David Hunter Miller, of New York City, for receiver.
Rushmore, Bisbee & Stern, of New York City, for bank creditors' committee.
White & Case, of New York City (David Hunter Miller, Eldon Bisbee, and Joseph M. Hartfield, all of New York City, of counsel), for merchandise and construction creditors' committee.
Before ROGERS, HOUGH, and MANTON, Circuit Judges.
ROGERS, Circuit Judge (after stating the facts as above).
The question which this appeal brings into this court is an interesting and important one. It involves the proper method to be pursued in making payment of debts of an estate being administered by receivers appointed in an equity proceeding. The receiver appointed in the Southern District of New York, Francis G. Caffey, filed in the United States District Court for that District, on April 12, 1924, a petition asking the instructions of the court. Its material portions are as follows:
It resulted in the following order, entered on June 3, 1924:
It is from this order that the appeal is taken. The total amount of the claims allowed against the estate aggregate $15,021,748.57.
At the time the petition for instructions was filed, three claims, aggregating $37,957.26, were pending unadjudicated in the District Court of New Jersey. There was also pending in the same court a disputed claim of the United States arising out of war contracts, and no adjudication thereof has yet been had. This claim the comptroller of the receiver in his sworn statement declares involves about $1,500,000, which, with interest, may amount to $2,000,000; and he also stated that "sufficient funds have been set aside by the receivers in New Jersey to meet that claim if and to the extent to which the same shall be finally allowed."
Five dividends to general creditors, aggregating 100 per cent. of the amount of the claims as allowed, have been paid. The orders allowing the claims recited that they were allowed, with interest from April 1, 1922, which was the last day for filing claims against the estate, some at the rate of 6 per cent. per annum, and others at the rate of 7 per cent. per annum, "if interest is paid upon other general claims." The pertinent provisions of the orders directing payment of the dividends are as follows:
It appears that the total amount paid to the creditors is as large as the amount of the claims allowed; and it also appears that the receivers still have in their hands $3,100,000 unexpended. It thus is apparent to us that the assets still in the hands of the receivers are sufficient to pay the pending and unadjudicated claims, if they are finally allowed, together with the interest which may be due on the claims.
It is conceded by the appellants that there is a surplus in the estate available for the payment of interest on the adjudicated claims during the period of the receivership. They also concede that interest accrues upon unpaid balances of claims against the estate after the date when the court took over the administration of the estate, and that the creditors are entitled to such interest in cases where, as in this case, a surplus remains after the payment of the principal of the claims as allowed. They admit that it is well-established law that, where there is a surplus remaining in the hands of the receivers after the payment of the claims as allowed, the corporation is not entitled to such surplus until the interest which accrued during the receivership upon the unpaid balances of the claims has been paid in full. The only disagreement between the appellants and the appellees is as to the method of computing the amount of the unpaid balances and the amount of interest so payable.

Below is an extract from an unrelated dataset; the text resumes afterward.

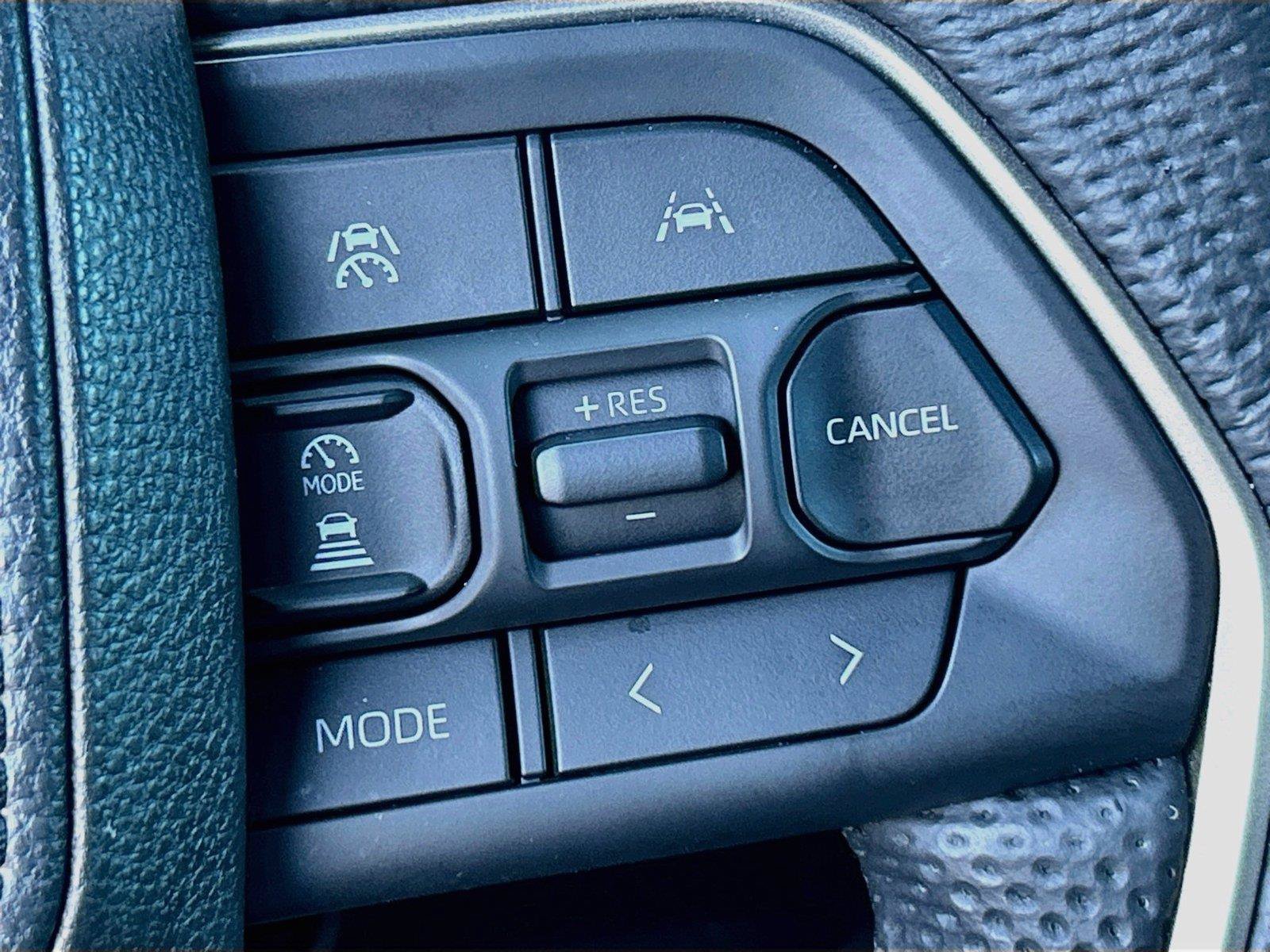 Used 2024 Toyota Tacoma TRD Sport AWD/4WD image 31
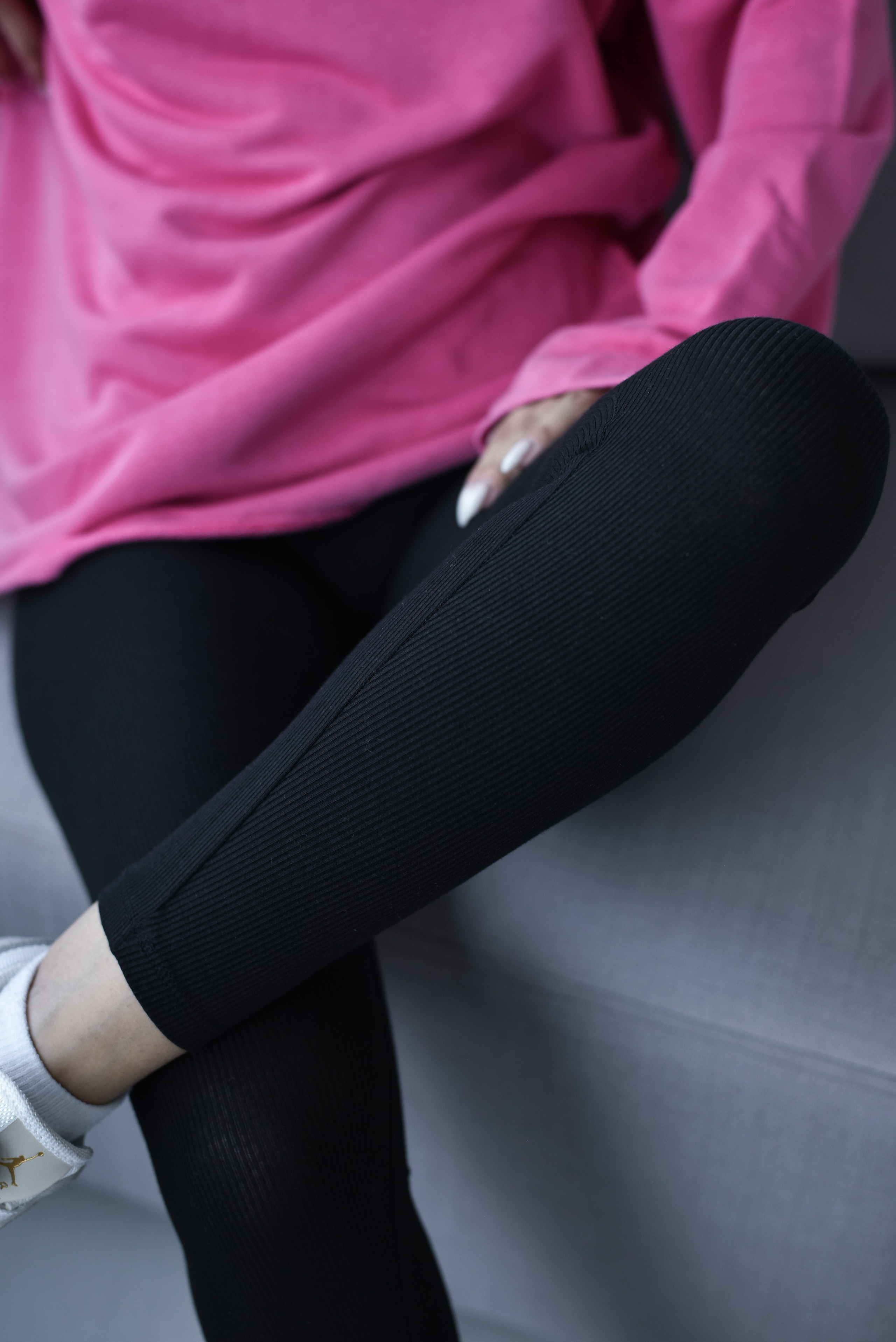 Кейс с леггинсами для вб. Фотограф Таина Комбарова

By petition verified April 12, 1924, the receiver appointed in the Southern District of New York applied to the District Court in that district for instructions as to whether interest upon the general claims for the period of the receivership should be calculated by one of two methods:
In method No. 1, the dividend payments to creditors hereinbefore referred to are treated as payments made on their respective dates, wholly on account of the principal of the various claims as allowed. Inasmuch as dividends aggregating 100 per cent. have been paid, this method assumes that the principal of these claims has been paid in full, and that nothing remains to be paid thereon, except interest.
In method No. 2, each dividend payment is treated as a payment first on account of the interest accrued on the respective claims during the period of the receivership up to the date of the payment, the balance of the payment then being applied to reduce the principal of the claims. Under this method, the principal of the claims has not been paid in full, although dividends aggregating 100 per cent. of the principal amount of the claims have been paid thereon.
Specifically, by method No. 1, there remained unpaid on the general claims on March 15, 1924, $841,276 of interest, and by method No. 2, $900,414 of principal. By order dated June 3, 1924, being the order appealed from, the District Court instructed the receiver to follow method No. 2. Appellants contend that method No. 1 is the proper method.
The question involved in the appeal is as to the extent to which the principal of the claims has been paid by the five dividends aggregating 100 per cent. of such principal. It is the contention of appellants that the principal has been paid in full and that only interest remains to be paid. If we understand their contention, and the reason therefor, it is that under the method they contend for, which is method No. 1, the surplus which the corporation will ultimately receive after the payment of all claims, principal and interest, has been...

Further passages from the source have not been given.